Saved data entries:
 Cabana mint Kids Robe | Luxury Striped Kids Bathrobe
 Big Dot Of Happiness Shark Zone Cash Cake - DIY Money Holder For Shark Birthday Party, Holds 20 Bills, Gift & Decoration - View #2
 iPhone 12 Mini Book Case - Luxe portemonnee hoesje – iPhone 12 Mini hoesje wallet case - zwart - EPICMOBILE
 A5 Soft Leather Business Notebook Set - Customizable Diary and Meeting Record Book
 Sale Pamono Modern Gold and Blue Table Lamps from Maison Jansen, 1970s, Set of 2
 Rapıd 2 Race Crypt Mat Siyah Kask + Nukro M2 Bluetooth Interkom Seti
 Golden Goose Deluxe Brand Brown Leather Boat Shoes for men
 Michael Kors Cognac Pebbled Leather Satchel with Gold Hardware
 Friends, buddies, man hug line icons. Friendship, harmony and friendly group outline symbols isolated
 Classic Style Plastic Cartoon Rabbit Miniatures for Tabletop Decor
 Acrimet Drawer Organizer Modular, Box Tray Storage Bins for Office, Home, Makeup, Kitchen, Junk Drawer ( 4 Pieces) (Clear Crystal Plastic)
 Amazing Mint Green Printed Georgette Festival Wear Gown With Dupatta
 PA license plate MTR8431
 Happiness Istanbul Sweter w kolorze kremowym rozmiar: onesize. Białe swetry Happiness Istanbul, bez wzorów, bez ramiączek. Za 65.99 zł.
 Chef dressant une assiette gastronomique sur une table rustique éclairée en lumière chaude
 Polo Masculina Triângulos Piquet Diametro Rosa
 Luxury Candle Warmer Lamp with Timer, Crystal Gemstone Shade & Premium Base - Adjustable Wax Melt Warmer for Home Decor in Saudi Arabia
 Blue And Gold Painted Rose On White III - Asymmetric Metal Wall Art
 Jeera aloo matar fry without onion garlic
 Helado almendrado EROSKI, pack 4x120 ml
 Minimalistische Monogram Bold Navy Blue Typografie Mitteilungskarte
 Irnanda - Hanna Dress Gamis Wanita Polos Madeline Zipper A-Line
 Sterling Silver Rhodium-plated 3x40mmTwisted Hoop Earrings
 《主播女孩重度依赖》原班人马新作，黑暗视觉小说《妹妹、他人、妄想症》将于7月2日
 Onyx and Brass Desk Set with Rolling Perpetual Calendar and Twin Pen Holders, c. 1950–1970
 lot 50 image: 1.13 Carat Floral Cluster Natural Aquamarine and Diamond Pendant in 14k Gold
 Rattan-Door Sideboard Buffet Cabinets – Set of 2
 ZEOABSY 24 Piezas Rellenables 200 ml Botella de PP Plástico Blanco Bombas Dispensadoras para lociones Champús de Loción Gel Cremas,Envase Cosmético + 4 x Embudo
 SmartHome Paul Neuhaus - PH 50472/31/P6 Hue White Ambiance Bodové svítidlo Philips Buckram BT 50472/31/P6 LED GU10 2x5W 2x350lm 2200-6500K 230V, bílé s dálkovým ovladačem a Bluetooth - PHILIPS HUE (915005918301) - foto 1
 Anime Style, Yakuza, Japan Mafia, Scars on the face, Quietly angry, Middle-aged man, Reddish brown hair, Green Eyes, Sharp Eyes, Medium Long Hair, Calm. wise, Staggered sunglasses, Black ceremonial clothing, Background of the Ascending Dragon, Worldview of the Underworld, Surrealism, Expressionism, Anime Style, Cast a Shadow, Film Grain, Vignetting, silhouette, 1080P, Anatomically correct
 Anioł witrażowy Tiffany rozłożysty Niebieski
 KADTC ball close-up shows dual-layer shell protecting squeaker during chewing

HOW TO COMPLETE THIS TASK:
Reproduce the lines above, beginning at the line with "Sterling Silver Rhodium-plated" and stopping after the line with "Rattan-Door Sideboard Buffet", exactly as they are.

REPLY:
 Sterling Silver Rhodium-plated 3x40mmTwisted Hoop Earrings
 《主播女孩重度依赖》原班人马新作，黑暗视觉小说《妹妹、他人、妄想症》将于7月2日
 Onyx and Brass Desk Set with Rolling Perpetual Calendar and Twin Pen Holders, c. 1950–1970
 lot 50 image: 1.13 Carat Floral Cluster Natural Aquamarine and Diamond Pendant in 14k Gold
 Rattan-Door Sideboard Buffet Cabinets – Set of 2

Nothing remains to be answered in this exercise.